Here is the link to my post on Friday: http://www.thelostdaughters.com/2014/10/why-adoptive-parents-need-to-stop.html
I added a few comments this morning like this:
I am reading these comments Kristi and others. Thank you everyone.
First and foremost, there isn’t a BLOG POLICE. This post is my opinion. In 2010, I was very surprised to hear this discussion from adoption professionals on blogging about adoptees in particular. I had not considered this myself.
Since 2009, I read blogs every day because I blog myself. When I was doing research back in 2004, the adoption industry had, hands down, controlled the adoption industry with books on how to adopt. There were 5,000+ books on adoption on Amazon and the majority were written by and for the adoption industry.

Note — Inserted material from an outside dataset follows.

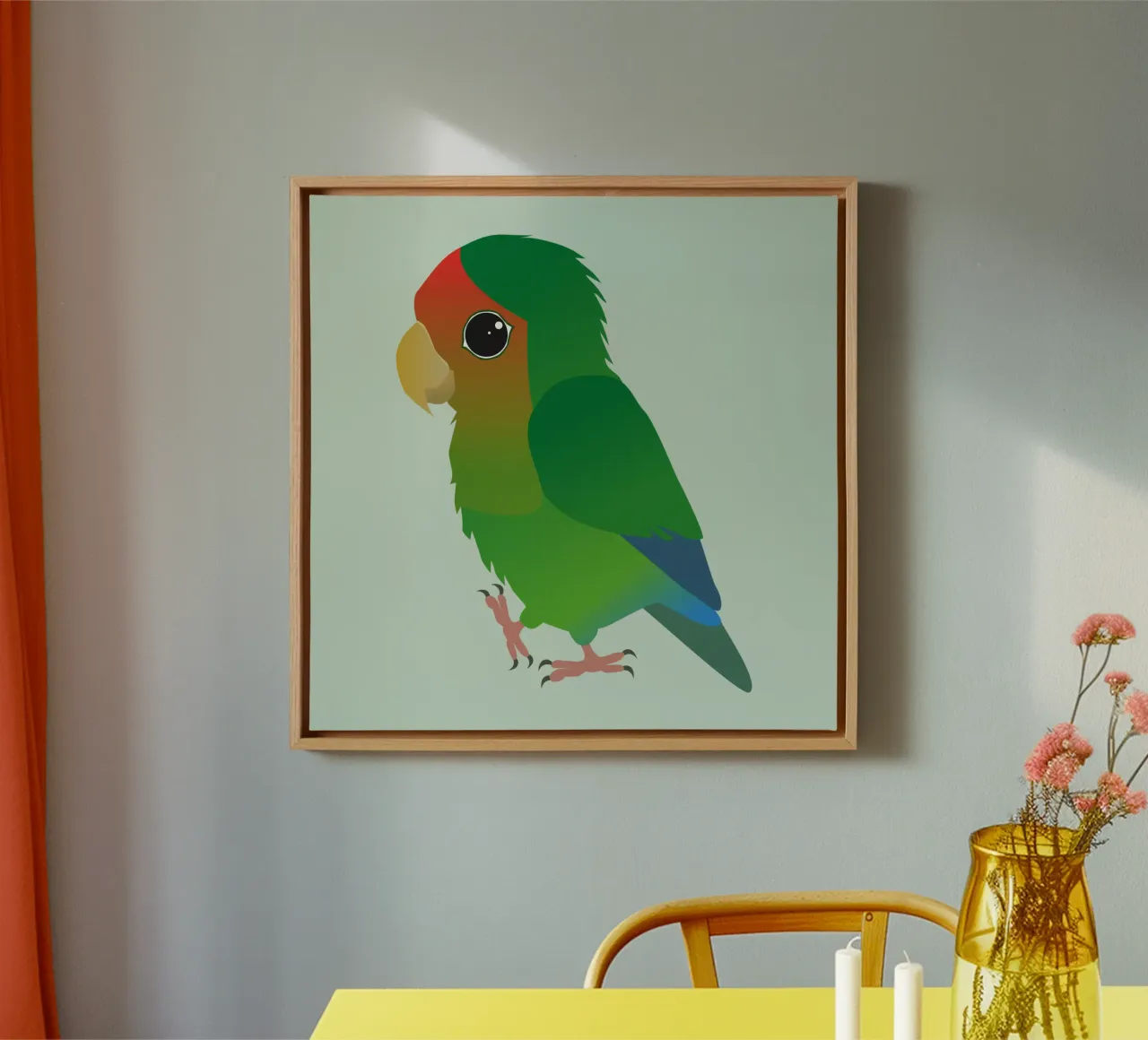 Schattige perzikkleurige agapornis canvas met Baklijst van BwiseLizzy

Then blogs and websites kicked off. Again, the majority of blogs were written by APs and adoption professionals. They dominated the discourse until blogs like Lost Daughters and Lost Mothers arrived.

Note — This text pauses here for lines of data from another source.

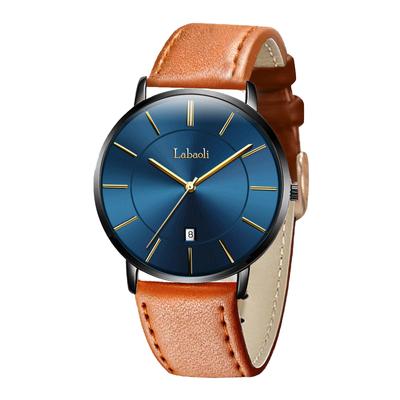 Montre simple, tendance, décontractée, mouvement à quartz japonais, cadran de 40 mm, bracelet en cuir véritable, unisexe, boîtier noir, bleu, ultra-mince, 6,5 mm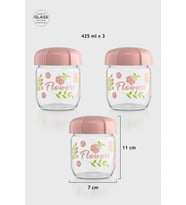 Renga Rhea 425 ml Flower Desenli 3'lü Cam Kavanoz Seti 132005 Pembe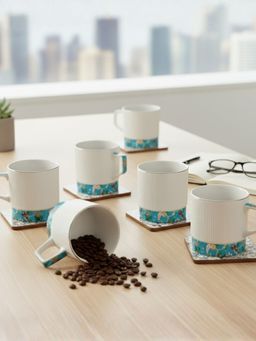CLAY CRAFT - Charles Manor Fine Ceramic 230ml Tea Cups (Pack of 6)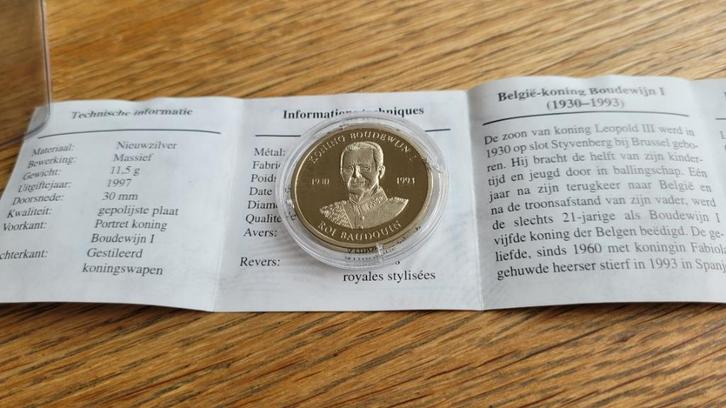 FDC Zilveren Belgische Koningsmunten Albert I en Boudewijn, Postzegels en Munten, Munten | België, Setje, Zilver, Zilver, Ophalen of Verzenden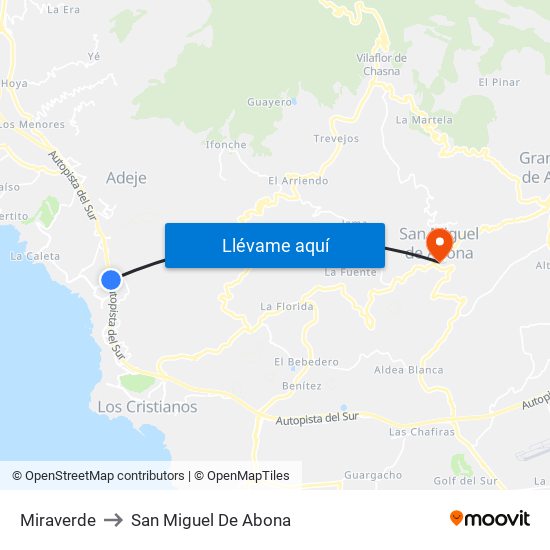 Miraverde to San Miguel De Abona map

Obviously propaganda is about managing public information, as adoption is a billion dollar industry and looks to recruit more parents to adopt, steering people to believe in the benevolence of adoption, to keep their income stream. I still find blogs about APs who just adopted and are fundraising again. It’s growing – not slowing – as a phenomena.
What deeply concerns me, as an adoptee, is you can find a blog by a blog address and date, years later. If you have adopted a child, these posts can be read by their peers and strangers. What APs do in offering personal details and their opinions, these are available for anyone to read, not just adults.
A blog post is a pulpit, a one-way conversation (until comments). APs may quote their children but that is not the same as consent.
Further expansion of blogs, especially by parents, is a deep concern to me and many others.
Should any child be exposed to public scrutiny?
Then the APs started to unleash on Facebook: (this is one thread)
I am not hurt that adoptive parents are calling me names — then telling me they have every right to post whatever they want about whomever they want whenever they want. That is their prerogative. But as an adoptee, as I wrote in the post, I would have blown my lid if I had found personal information about my childhood on a blog.
I would have felt more betrayed and violated than hurt. I would have felt owned.